START Task inputs

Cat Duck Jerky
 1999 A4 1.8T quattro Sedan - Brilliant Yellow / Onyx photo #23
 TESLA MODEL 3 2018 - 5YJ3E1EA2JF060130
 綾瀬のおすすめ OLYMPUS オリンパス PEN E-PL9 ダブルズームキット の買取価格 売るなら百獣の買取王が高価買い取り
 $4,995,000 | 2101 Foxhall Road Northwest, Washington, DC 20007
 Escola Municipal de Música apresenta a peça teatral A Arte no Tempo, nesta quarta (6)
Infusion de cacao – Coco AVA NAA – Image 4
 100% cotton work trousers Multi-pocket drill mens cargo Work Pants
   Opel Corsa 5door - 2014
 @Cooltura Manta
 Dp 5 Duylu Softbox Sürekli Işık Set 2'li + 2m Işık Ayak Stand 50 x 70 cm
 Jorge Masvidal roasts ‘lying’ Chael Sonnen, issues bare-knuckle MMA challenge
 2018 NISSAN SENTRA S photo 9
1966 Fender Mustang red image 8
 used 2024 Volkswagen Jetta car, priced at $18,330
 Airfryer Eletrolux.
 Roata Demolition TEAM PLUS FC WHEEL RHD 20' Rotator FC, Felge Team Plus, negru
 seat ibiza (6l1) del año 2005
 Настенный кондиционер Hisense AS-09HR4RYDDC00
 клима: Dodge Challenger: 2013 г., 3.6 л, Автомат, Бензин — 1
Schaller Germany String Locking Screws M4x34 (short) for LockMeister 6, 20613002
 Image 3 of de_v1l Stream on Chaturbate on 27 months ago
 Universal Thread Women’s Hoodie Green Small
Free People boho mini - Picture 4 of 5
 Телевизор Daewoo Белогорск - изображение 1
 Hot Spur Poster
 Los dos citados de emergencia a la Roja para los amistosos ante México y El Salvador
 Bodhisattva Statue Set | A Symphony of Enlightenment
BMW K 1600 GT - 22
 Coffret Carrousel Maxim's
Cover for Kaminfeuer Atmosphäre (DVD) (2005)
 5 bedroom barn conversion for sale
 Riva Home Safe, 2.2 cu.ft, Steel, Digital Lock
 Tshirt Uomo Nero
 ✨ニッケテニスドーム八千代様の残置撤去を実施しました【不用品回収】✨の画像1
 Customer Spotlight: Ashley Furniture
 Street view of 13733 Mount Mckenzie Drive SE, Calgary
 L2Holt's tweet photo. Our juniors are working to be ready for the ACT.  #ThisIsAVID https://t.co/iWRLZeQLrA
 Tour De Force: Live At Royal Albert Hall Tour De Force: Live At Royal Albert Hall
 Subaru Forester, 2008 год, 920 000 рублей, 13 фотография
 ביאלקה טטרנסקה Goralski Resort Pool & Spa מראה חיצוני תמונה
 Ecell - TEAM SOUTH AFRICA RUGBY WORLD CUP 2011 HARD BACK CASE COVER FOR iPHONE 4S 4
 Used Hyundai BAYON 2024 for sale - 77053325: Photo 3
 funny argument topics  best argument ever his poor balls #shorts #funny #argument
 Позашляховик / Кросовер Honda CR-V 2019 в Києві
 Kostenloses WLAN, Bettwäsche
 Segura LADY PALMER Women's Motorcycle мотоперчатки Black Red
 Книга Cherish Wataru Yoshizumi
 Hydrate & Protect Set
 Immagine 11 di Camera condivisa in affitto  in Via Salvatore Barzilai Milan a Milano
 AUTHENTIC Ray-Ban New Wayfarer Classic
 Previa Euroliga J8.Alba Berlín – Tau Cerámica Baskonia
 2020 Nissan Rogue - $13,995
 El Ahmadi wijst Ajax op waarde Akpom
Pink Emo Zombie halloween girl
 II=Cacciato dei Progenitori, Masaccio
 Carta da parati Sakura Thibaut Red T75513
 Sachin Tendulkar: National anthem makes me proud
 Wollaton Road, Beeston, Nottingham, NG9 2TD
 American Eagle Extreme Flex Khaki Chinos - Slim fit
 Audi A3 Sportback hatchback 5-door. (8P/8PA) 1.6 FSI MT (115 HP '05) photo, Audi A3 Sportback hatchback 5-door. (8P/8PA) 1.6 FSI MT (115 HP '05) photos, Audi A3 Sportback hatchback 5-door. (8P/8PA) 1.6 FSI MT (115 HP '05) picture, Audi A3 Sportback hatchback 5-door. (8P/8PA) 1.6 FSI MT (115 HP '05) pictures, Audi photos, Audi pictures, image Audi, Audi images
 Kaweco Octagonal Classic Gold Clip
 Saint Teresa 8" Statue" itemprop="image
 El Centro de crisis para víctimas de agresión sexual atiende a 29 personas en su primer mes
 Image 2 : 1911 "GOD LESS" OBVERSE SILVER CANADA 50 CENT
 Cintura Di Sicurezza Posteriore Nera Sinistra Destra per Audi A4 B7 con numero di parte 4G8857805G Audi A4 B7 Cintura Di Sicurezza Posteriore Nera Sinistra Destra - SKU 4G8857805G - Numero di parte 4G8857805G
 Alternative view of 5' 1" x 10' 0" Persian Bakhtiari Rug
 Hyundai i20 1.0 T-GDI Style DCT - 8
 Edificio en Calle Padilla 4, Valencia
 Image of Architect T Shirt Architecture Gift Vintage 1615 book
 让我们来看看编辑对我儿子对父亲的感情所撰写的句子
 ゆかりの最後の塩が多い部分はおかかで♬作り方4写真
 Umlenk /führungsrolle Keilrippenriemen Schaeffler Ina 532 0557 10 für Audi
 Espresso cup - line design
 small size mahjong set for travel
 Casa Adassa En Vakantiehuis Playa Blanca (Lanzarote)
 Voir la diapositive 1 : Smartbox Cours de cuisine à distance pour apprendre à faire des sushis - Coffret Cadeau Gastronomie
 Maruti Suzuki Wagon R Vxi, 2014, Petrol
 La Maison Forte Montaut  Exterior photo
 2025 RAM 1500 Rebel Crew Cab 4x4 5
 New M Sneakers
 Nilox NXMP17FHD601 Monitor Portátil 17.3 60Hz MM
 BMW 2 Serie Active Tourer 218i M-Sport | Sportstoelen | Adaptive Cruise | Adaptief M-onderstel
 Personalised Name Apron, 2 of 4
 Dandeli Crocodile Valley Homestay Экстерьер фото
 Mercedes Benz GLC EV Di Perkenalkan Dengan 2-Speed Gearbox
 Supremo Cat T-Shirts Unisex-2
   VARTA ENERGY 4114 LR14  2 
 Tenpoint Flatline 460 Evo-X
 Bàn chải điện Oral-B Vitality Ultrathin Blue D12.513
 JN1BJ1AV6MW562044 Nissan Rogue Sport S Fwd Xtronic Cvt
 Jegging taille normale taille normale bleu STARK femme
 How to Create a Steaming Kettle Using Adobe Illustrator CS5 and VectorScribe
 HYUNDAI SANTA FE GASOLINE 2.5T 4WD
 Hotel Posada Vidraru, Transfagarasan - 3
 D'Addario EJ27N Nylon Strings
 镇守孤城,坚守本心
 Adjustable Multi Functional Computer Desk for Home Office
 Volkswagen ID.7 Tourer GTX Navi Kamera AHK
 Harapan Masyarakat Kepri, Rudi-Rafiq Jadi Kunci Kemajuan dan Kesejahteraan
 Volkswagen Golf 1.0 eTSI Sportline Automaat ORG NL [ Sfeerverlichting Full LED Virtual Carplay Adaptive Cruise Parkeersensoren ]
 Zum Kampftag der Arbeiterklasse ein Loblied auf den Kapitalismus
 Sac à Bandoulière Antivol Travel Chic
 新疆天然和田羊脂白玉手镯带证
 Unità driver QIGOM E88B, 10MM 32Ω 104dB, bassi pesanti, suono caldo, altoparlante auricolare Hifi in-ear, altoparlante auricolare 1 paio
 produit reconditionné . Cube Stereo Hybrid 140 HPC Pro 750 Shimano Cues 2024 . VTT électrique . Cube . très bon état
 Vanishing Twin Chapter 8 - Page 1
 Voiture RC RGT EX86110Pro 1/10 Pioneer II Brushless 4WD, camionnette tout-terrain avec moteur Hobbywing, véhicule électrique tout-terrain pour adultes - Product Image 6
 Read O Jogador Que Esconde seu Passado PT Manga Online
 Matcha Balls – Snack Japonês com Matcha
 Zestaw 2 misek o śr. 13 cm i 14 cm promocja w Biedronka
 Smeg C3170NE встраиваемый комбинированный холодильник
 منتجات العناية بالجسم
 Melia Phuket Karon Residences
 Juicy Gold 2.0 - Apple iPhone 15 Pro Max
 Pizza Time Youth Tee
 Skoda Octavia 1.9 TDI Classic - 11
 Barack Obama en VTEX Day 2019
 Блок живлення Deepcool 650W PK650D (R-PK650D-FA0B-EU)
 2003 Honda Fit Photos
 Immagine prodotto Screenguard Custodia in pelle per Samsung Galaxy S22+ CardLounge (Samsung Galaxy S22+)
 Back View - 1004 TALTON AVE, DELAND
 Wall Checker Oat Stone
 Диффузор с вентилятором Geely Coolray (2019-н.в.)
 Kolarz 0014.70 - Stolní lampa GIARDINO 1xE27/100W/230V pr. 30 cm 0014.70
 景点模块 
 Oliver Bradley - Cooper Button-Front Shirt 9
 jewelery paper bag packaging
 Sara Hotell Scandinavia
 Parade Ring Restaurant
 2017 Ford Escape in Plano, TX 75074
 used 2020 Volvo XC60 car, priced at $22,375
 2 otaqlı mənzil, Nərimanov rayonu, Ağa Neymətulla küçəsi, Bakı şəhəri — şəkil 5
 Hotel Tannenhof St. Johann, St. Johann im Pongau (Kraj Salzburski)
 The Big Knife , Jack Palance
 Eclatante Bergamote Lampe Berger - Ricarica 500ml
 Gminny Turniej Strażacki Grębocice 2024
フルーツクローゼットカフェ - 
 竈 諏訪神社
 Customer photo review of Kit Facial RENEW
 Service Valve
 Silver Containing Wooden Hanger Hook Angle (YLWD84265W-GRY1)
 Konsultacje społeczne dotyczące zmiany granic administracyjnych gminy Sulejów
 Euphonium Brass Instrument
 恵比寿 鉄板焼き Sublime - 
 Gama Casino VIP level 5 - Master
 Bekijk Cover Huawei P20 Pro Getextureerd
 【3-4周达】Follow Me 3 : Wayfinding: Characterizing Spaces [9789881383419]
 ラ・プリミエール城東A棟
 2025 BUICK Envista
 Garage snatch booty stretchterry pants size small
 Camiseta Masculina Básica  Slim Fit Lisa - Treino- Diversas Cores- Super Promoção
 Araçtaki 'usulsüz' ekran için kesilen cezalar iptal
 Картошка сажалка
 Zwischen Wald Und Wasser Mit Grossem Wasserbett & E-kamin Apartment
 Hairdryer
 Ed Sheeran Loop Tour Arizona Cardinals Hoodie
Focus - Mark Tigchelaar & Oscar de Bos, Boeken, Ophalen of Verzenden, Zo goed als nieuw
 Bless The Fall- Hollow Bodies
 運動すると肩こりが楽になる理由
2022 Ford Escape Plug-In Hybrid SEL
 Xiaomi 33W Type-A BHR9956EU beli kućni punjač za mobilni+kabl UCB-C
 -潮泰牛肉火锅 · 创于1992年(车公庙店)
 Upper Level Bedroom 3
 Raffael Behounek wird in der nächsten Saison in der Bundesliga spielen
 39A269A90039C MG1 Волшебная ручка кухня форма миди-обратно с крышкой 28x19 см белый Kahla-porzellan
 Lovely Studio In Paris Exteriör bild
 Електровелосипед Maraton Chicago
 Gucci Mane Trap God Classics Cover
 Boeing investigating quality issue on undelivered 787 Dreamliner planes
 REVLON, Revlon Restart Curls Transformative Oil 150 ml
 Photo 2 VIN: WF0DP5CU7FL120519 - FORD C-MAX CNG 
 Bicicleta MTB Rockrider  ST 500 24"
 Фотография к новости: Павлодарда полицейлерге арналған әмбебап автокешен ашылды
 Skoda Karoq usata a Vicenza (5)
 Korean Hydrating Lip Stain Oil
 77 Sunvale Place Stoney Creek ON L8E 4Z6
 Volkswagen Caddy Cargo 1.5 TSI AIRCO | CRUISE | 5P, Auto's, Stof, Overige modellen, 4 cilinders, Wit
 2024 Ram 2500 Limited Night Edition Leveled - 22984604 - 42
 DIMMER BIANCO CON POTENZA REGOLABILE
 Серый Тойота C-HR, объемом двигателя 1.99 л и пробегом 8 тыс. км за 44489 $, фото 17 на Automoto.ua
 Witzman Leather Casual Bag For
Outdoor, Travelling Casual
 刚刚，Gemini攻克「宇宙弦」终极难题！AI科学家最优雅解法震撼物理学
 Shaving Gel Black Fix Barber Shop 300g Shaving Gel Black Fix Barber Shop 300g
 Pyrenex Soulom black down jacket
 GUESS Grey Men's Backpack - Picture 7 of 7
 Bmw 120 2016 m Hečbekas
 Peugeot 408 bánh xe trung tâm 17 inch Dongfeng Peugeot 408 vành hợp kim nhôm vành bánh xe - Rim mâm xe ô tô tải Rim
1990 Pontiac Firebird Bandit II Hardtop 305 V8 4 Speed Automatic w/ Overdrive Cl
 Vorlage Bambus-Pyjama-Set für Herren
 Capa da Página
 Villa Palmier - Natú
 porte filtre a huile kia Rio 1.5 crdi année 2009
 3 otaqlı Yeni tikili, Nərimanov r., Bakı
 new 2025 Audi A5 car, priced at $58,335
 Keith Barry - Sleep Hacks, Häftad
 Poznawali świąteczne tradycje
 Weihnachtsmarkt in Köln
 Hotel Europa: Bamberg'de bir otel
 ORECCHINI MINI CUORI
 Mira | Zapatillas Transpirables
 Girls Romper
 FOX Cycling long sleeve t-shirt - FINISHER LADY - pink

END Task inputs

- Work required
Go through the entries above and copy each line with "Customer" in it.

- Your response
 Customer Spotlight: Ashley Furniture
 Customer photo review of Kit Facial RENEW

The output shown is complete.